Empire of Light est une histoire exquise de personnes en flux


Après tout l’anéantissement de son film de guerre, 1917directeur Sam Mendes a voyagé dans le temps, jusqu’au début troublé des années 1980 en Angleterre, pour raconter une humble petite histoire de connexion humaine. Son nouveau film, Empire de Lumière, est la plus délicate du réalisateur, une nouvelle mélancolique sur deux personnes saisies par les circonstances qui s’entraident pour trouver leur chemin dans la vie. C’est un film d’une beauté douloureuse, le meilleur que Mendes ait jamais réalisé.

Olivia Colman joue Hillary, une célibataire à la retraite qui travaille dans un palais de cinéma en bord de mer dans une petite ville côtière d’Angleterre. 1980 touche à sa fin et une mélancolie de Noël emplit l’air. Nous regardons Hillary vaquer à ses occupations solitaires, des dîners pour un et des rendez-vous utilitaires occasionnels avec son patron marié, M. Ellis (Colin Firth). Quelque chose remue, cependant, toute cette stase semblant pleine d’anticipation. Ce sentiment est magnifiquement rendu dans la partition du film, des points de piano et de bourdonnement ambiant, le son de la planète en mouvement, composés par Trent Reznor et Atticus Ross.

Cette excitation et cette nervosité silencieuses trouvent une réponse, en partie, par l’arrivée d’un nouvel employé du théâtre, Stephen (Michel Ward), un jeune homme qui fait tourner ses roues jusqu’à ce qu’il entre à l’université.
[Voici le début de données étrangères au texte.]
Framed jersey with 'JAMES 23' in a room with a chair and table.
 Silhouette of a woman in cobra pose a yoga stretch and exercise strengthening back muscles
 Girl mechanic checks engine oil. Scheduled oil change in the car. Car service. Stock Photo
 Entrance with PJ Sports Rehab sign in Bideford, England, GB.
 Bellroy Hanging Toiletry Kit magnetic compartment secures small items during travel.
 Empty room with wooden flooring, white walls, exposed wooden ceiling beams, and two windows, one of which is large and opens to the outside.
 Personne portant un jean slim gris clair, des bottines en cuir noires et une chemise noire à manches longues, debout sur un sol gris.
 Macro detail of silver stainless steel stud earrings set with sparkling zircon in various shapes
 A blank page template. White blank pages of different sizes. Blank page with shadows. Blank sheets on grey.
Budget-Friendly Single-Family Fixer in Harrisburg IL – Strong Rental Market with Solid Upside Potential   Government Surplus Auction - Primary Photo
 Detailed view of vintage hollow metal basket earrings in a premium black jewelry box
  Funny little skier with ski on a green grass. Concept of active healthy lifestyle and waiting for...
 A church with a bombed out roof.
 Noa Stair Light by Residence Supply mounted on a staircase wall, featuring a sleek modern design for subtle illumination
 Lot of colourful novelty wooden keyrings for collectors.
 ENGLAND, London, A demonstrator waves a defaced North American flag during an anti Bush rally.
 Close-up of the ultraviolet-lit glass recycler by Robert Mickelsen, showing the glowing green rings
Hillary est immédiatement séduite. Il dégage une gentillesse qui séduit tout le personnel, mais Hillary sent quelque chose de particulièrement proche en lui. Elle et Stephen sont tous deux isolés dans cette ville pittoresque mais froide : lui parce qu’il est noir dans un pays sectaire, elle à cause de ses problèmes de santé mentale, qui se révèlent progressivement alors qu’Hillary et Stephen tombent dans une romance ténue.

On se crispe quand il semble que Empire de Lumière se dirige vers le territoire smarmy et didactique d’un film de leçon. Nous nous attendons à une panacée grinçante sur les relations raciales et à des conférences périmées sur le problème de la semaine sur la santé mentale. Mais Mendes, qui a écrit le scénario, contourne le cliché vétuste (et pire) en restant proche de Stephen et Hillary, ces portraits de personnes en mouvement si finement travaillés par Colman et Ward.

Bien sûr, Empire de Lumière a plus que cette seule relation en tête. Le film est une histoire de passage à l’âge adulte universelle dans sa considération des rencontres chargées et fugaces de la jeunesse. C’est un doux encouragement sorti du marasme résigné de l’âge mûr. Et c’est un drame sur la vilaine résurgence du nationalisme raciste qui s’est emparé de l’Angleterre à l’aube de l’ère de Thatcher, et qui a maintenant refait surface. Mais ces thèmes ne submergent pas la voix douce que Mendes et ses acteurs ont construite. Empire de Lumière trouve un équilibre prudent – il écoute ses personnages plutôt que de leur crier un message.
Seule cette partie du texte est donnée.